Retype the line with "白边芭蕉草-缩略图-3" exactly. Then retype every line after it through the end of the entries below, and nothing more, leaving out pictures.
════
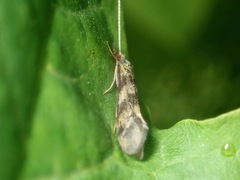 Mystacides longicornis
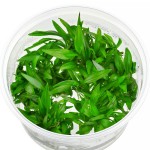 白边芭蕉草-缩略图-3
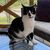 Janet Beggs's profile image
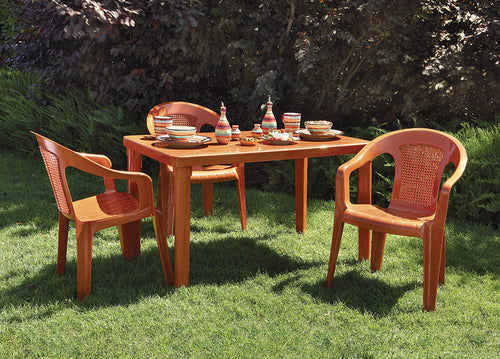 Celina Rectangular Table with 4 Tube Legs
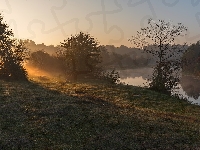 Słońca, Mgła, Drzewa, Poranek, Blask, Rzeka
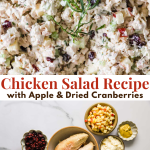 Bowl of chicken salad with apples and dried cranberries, displayed with ingredients including cooked chicken, apple, cranberries, green onion, mayonnaise, and seasonings.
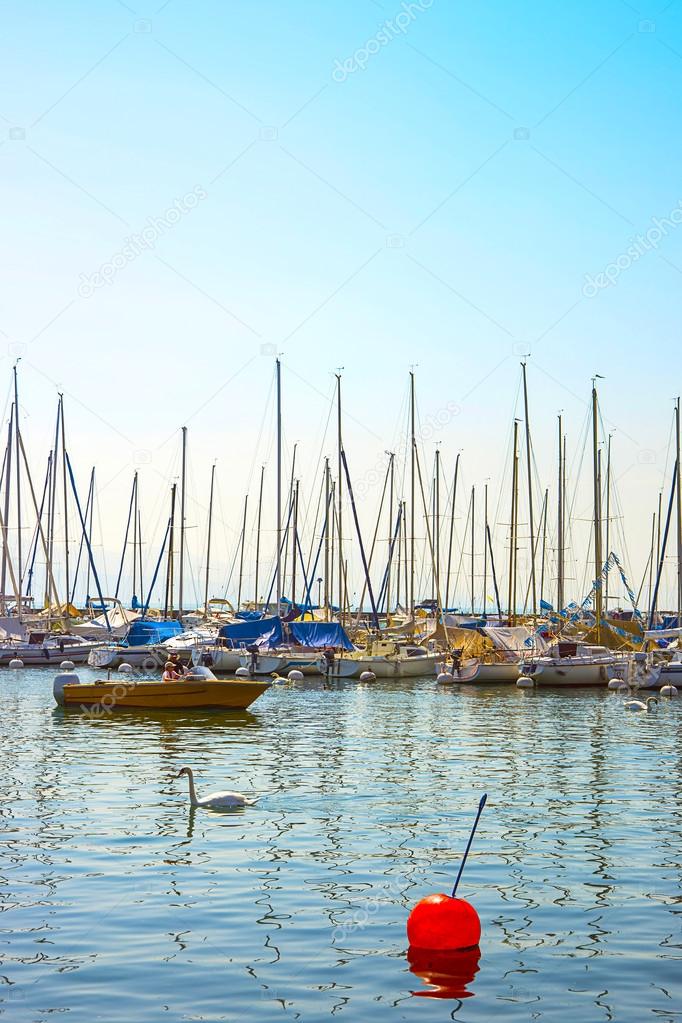 Swans and boats in marina in Geneva lake bay harbor in Lausanne,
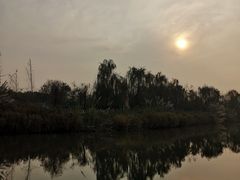 -白鹭湾湿地公园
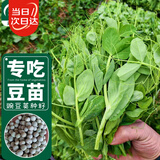 寿禾脆嫩豌豆尖种子苗豆苗夏秋蔬菜种籽 脆嫩2号豌豆尖种子50g*2袋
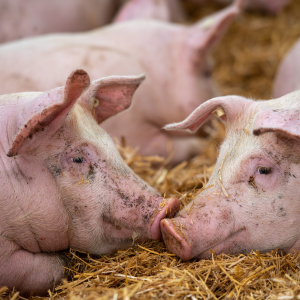 Владельца самарского свинокомплекса «Мясоагропром» заставляют оплатить потери кредиторов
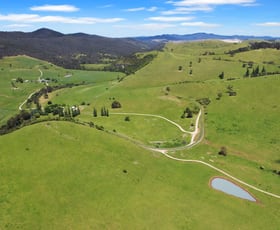 Rural / Farming commercial property for sale at 1351 Gelantipy Road Murrindal VIC 3885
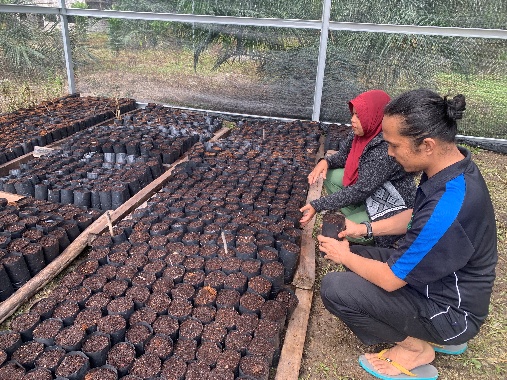 Pendampingan penataan polybag di nursery KTWMJ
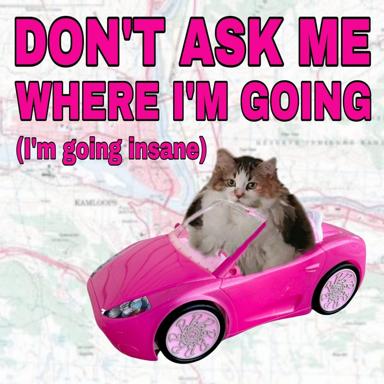 A kitten in a hot-pink convertible declares it's going insane, posed over a faded map with early-2000s maximalist energy.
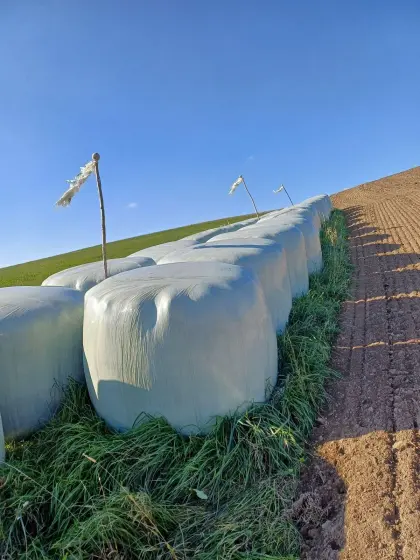 Silageballen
════
◆ ANSWER TO THIS TASK
 白边芭蕉草-缩略图-3
 Janet Beggs's profile image
 Celina Rectangular Table with 4 Tube Legs
 Słońca, Mgła, Drzewa, Poranek, Blask, Rzeka
 Bowl of chicken salad with apples and dried cranberries, displayed with ingredients including cooked chicken, apple, cranberries, green onion, mayonnaise, and seasonings.
 Swans and boats in marina in Geneva lake bay harbor in Lausanne,
 -白鹭湾湿地公园
 寿禾脆嫩豌豆尖种子苗豆苗夏秋蔬菜种籽 脆嫩2号豌豆尖种子50g*2袋
 Владельца самарского свинокомплекса «Мясоагропром» заставляют оплатить потери кредиторов
 Rural / Farming commercial property for sale at 1351 Gelantipy Road Murrindal VIC 3885
 Pendampingan penataan polybag di nursery KTWMJ
 A kitten in a hot-pink convertible declares it's going insane, posed over a faded map with early-2000s maximalist energy.
 Silageballen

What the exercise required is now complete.